This blog post is the third in a series of six that will highlight considerations for and the impacts of employee benefit plans on mergers and acquisitions (M&A) transactions. Click here for additional blogs in this series. To learn how Milliman consultants can help your organization with the employee benefits aspects of M&As, click here.
When considering health and welfare benefit plans as part of a merger or acquisition, remember that the due diligence you complete can impact the purchase price, uncover hidden risks, and be a critical component in the new company’s benefits strategy. Here are three steps you can take up-front to help ensure a smooth transaction and integration.

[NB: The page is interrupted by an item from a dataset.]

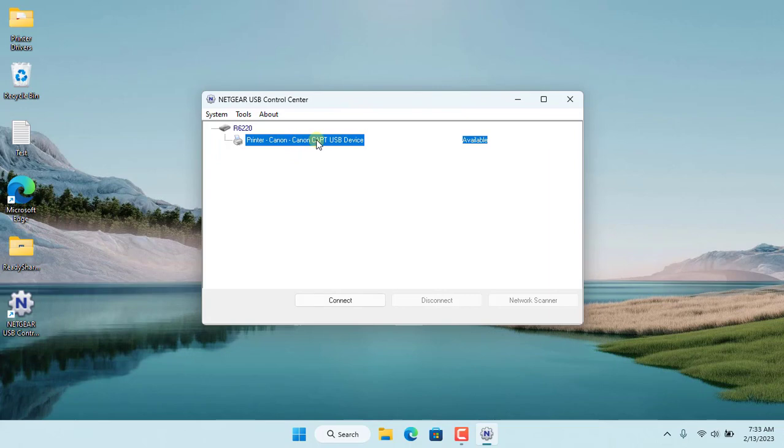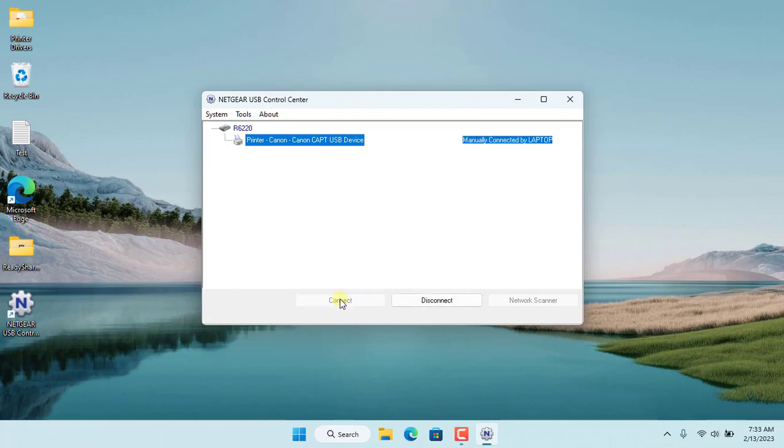After installing this software, restart your computer to detect the printer connected to the router. As you can see the computer has detected that the printer is connected to the Netgear router.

1. INITIAL DUE DILIGENCE REVIEW
A sound due diligence analysis will allow the buyer to make informative, data-driven decisions. A good analysis identifies items, such as a realistic evaluation of the cost of the health and welfare plan(s) being acquired, the baseline risk profile between the buyer and seller, an understanding of plan administration processes, including reporting and compliance risks, and any hidden risks, such as large claims or pending litigation. Specifically, this analysis should:
- Assess the seller’s existing compliance documentation and administration
- Plan documentation, participant notifications, and required notices
- Collective bargaining agreements
- Documentation of Internal Revenue Service (IRS) nondiscrimination rules compliance
- ERISA compliance in accordance with fiduciary, plan administration, and reporting/disclosure rules
- Identify potential liabilities, such as:
- Benefit commitments to employees, retirees, bargaining groups, executives, and terminated business units (this may require a review of employment practices as well as formal programs)

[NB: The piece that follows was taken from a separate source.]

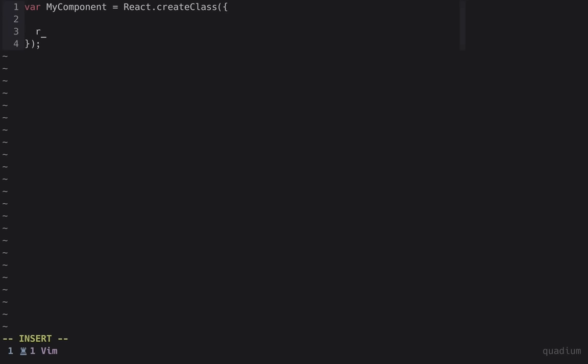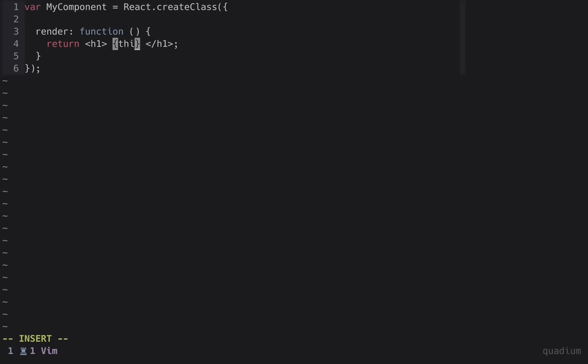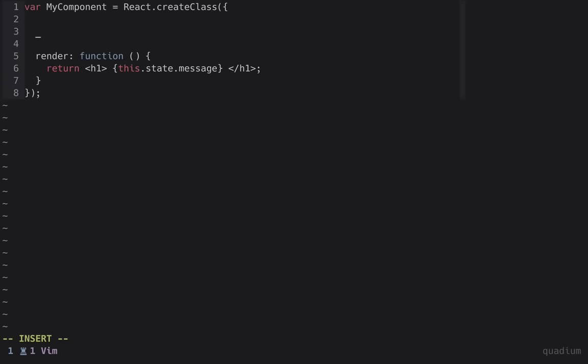We'll give our component a render method. Whatever's returned here will be the content of our component, so we create the HTML right inside our JavaScript. So let's return an h1, and within curly braces we can interpolate this.state.message. Where does that state value come from?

- Vendor relationships—contractual commitments, lawsuits regarding plan administration, and performance-related payments
- Financial liabilities—post-retirement benefit plans, incurred but not reported (IBNR) claims calculations for health plans, claims liabilities (large claims), and tax/regulatory penalties
- Other benefits—vacation/sick leave, severance plans
- Include retiree health commitments and other coverage as promised by seller
- Duration/extent of commitments and the extent of “vested” benefits as well as the buyer’s ability to amend or terminate the commitments
- Analysis of whether retiree benefit commitments are fully insured or self-funded
- Funded status of retiree commitments and coverages
- Compare benefit plan designs between buyer and seller to assess potential impact of plan design differences and different levels and types of benefits offered by both organizations
2. PLANNING FOR POST-MERGER CONSOLIDATION
After a sound due diligence analysis, it’s important to determine how the benefits for the post-acquisition organization should be structured. An experienced consultant can help guide you through the evaluation process, developing solutions that fit the requirements of the new company. Here are some things to consider as you optimize your new company benefits strategy:
- How do the workforce requirements and employee demographics vary?
- How large is the gap between the two organizations’ benefit programs (considering plan design, cost variations, vendor differences, etc.)?

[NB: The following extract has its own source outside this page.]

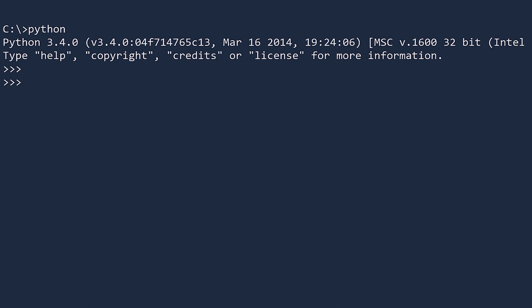In Python version 3, there are 3 types of numbers: ints, floats, and complex numbers. Int is short for integer, and the hashtag is how you write comments in Python. Everything after the hashtag is ignored by the interpreter.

- How different are the two company cultures and how do the benefit plans reflect those cultures?
- To what degree should benefit design and administration vary across subsidiaries or business lines?
- Should benefit plan administration be outsourced, co-sourced, or handled internally?
3. MANAGING THE MERGED ORGANIZATION
Once the deal closes, it’s time to look to the future and execute an optimized benefits strategy for the new company. Depending on the business decisions considered above, the buyer may steer toward a particular future benefits strategy for the combined company. Below are two possible benefits strategies and considerations for each.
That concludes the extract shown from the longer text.